By imitating the middle order traversal, you can easily write a recursive implementation of the post-order traversal:
public class Solution { public List<Integer> postorderTraversal(TreeNode root) { List<Integer> result = new ArrayList<Integer>(); recurse(root, result); return result; } private void recurse(TreeNode root, List<Integer> result) { if (root == null) return; recurse(root.left, result); recurse(root.right, result); result.add(root.val); }} The iteration of post-order traversal also requires a identification to distinguish whether the left and right children of a node have been accessed. If not, the left and right children will be accessed in turn. If it has been accessed, the node will be accessed. To this end, we use a pre variable to represent the node we visited. If the node we visited is the left or right child of the current node, it means that the left and right children of the current node have been accessed, and then we can access the node. Otherwise, we need to enter the left and right children to access it in turn. The code is as follows:
public class Solution { public List<Integer> postorderTraversal(TreeNode root) { List<Integer> result = new LinkedList<Integer>(); Stack<TreeNode> stack = new Stack<TreeNode>(); if (root != null) stack.push(root); TreeNode pre = root; while (!stack.isEmpty()) { TreeNode curr = stack.peek(); if (curr.left == pre || curr.right == pre || (curr.left == null && curr.right == null)) { result.add(curr.val); stack.pop(); pre = curr; } else { if (curr.right != null) stack.push(curr.right); if (curr.left != null) stack.push(curr.left); } } return result; }} There is another relatively simple implementation of the iteration of the post-order traversal. We know that the order of the pre-order traversal is parent, left, and right, while the order of the post-order traversal is left, right, and parent. So if we slightly modify the pre-order traversal and change it to the order of the parent, right, and left, then it is just the opposite of the order of the post-order traversal.

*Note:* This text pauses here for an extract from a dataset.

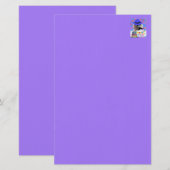 ハッピーバースデーで希望の文房具を作る 便箋 (正面/裏面)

After accessing it in this order, we can invert the access result in the end. Iterative implementation of pre-order traversal is relatively easy. According to the above writing method, we can implement it as follows:
public class Solution { public List<Integer> postorderTraversal(TreeNode root) { List<Integer> result = new LinkedList<Integer>(); Stack<TreeNode> stack = new Stack<TreeNode>(); if (root != null) stack.push(root); while (!stack.isEmpty()) { TreeNode curr = stack.pop(); result.add(curr.val); if (curr.left != null) stack.push(curr.left); if (curr.right != null) stack.push(curr.right); } Collections.reverse(result); return result; }}
4. Summary
The recursive implementation of all three traversals is easy. It is best to write the iteration implementation of preorder traversal, and only one stack is needed; mid-order traversal is the most difficult. In addition to determining whether the stack is empty, the loop condition also needs to determine whether the current node is empty to indicate whether the left subtree has been traversed; if the iteration of subsequent traversal is converted into preorder traversal iteration, it is much easier. Otherwise, it is also necessary to record the previous access node to indicate whether the left and right subtrees of the current node have been accessed.